• ACTIVITY:
For this exercise, return all the data word for word, with images left out.

• GIVEN DATA:
::::
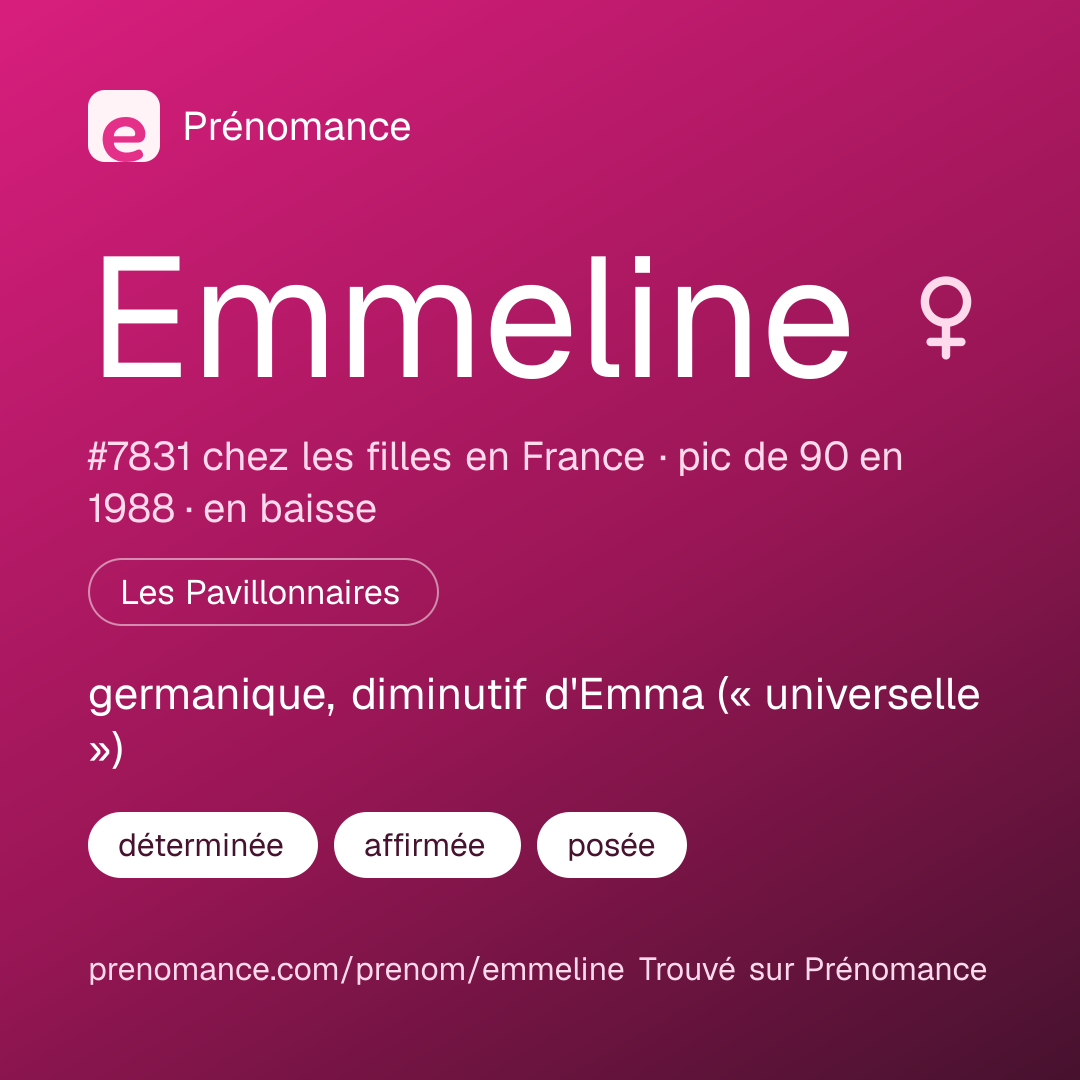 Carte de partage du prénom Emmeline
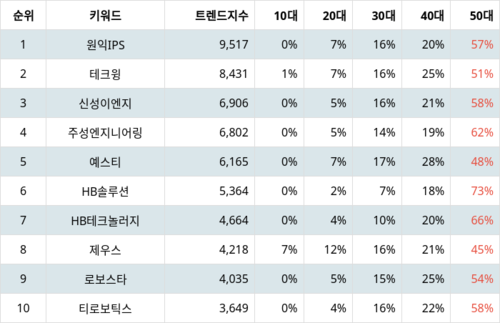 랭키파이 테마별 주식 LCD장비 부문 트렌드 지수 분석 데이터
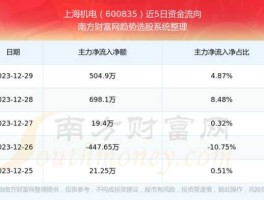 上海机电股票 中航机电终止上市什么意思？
::::
• OUTPUT OF THE EXERCISE:
 Carte de partage du prénom Emmeline
 랭키파이 테마별 주식 LCD장비 부문 트렌드 지수 분석 데이터
 上海机电股票 中航机电终止上市什么意思？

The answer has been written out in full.